- [Data excerpt]
----------
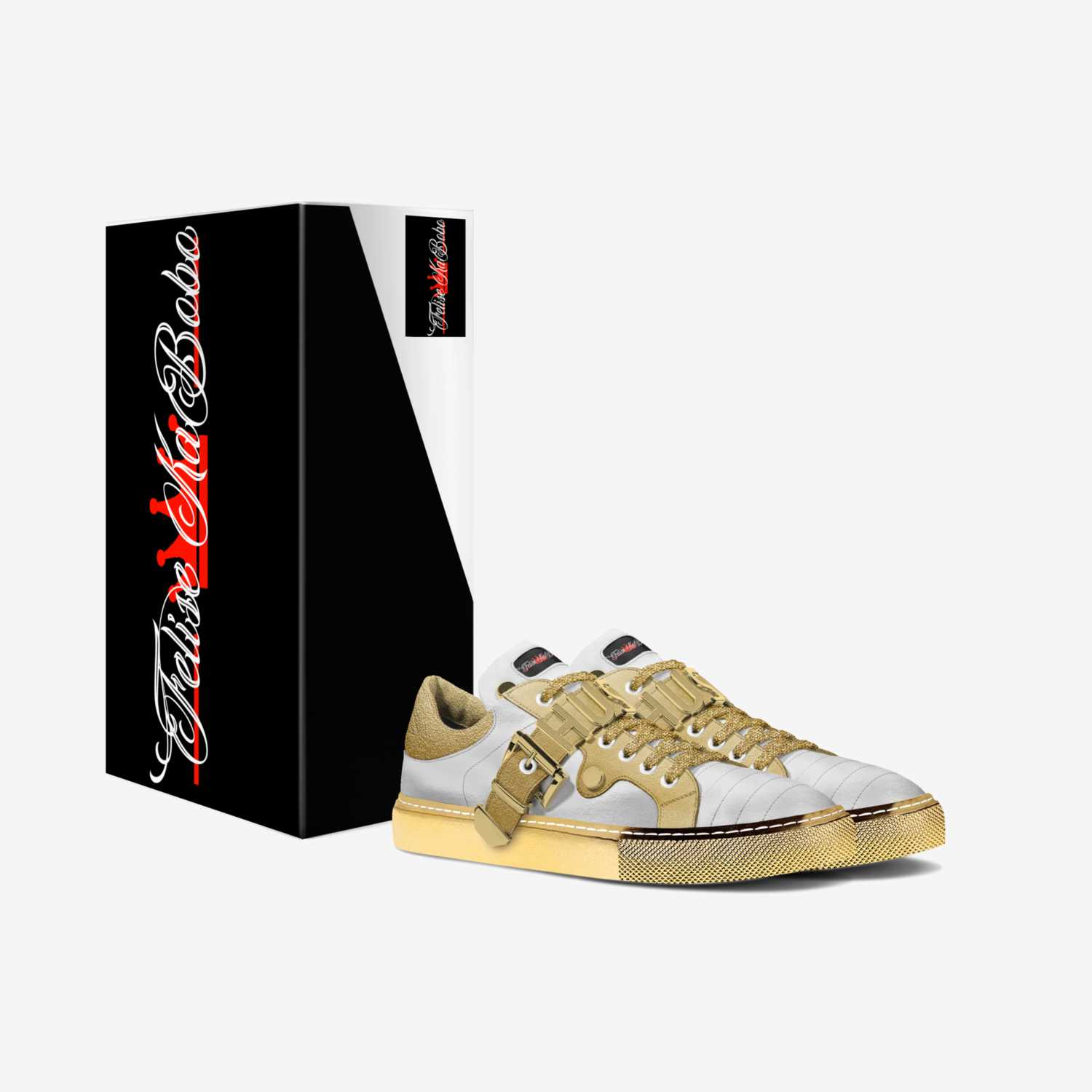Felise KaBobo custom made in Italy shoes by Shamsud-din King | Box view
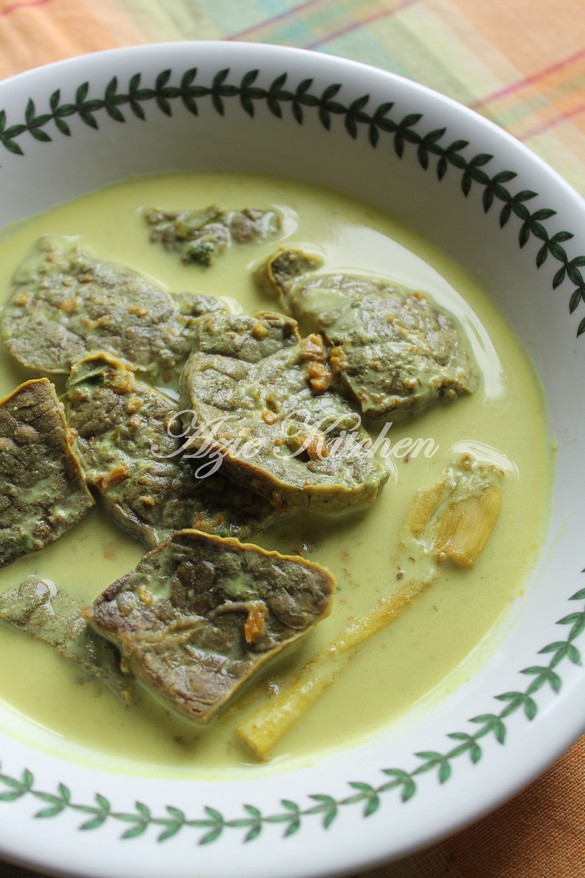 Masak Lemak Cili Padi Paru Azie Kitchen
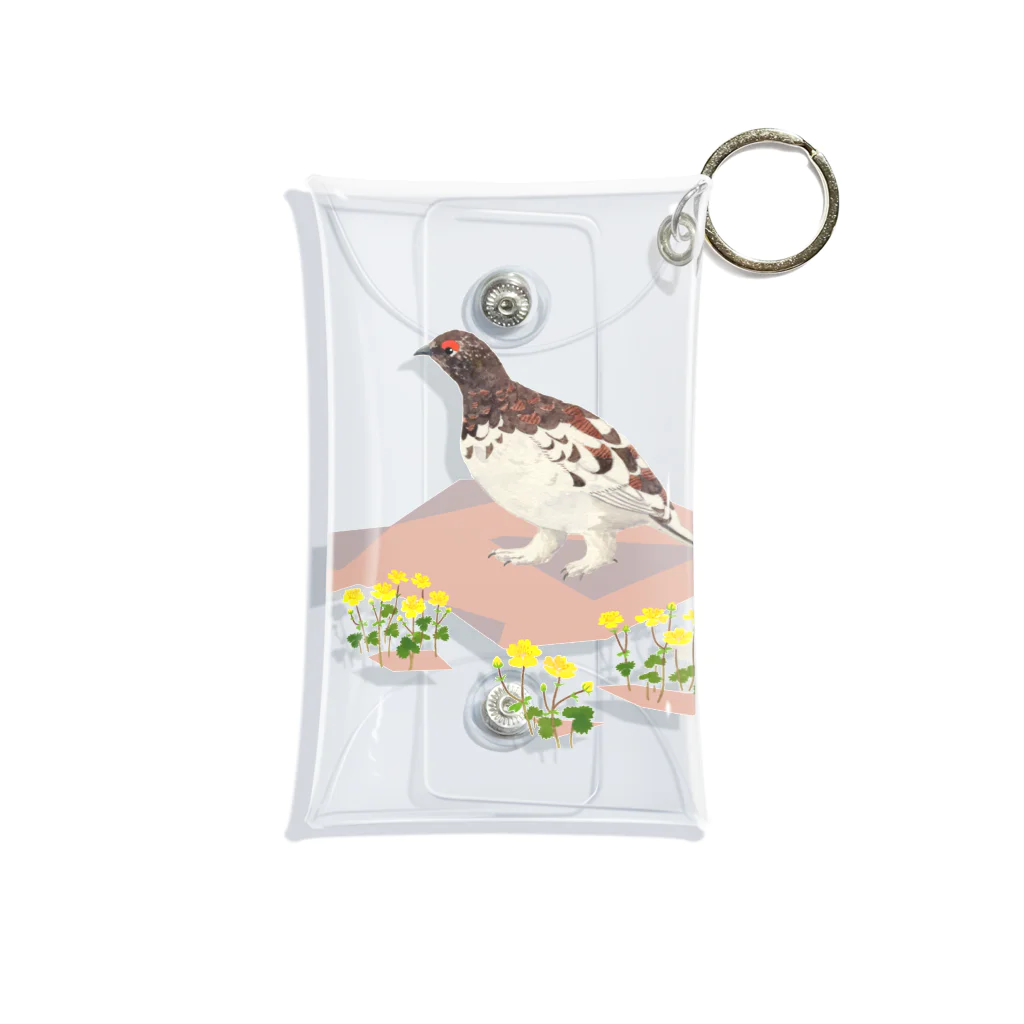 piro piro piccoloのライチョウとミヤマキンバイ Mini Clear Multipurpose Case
----------
- [What you will do] From the material above, print everything exactly except the pictures.

- [Final answer]
Felise KaBobo custom made in Italy shoes by Shamsud-din King | Box view
 Masak Lemak Cili Padi Paru Azie Kitchen
 piro piro piccoloのライチョウとミヤマキンバイ Mini Clear Multipurpose Case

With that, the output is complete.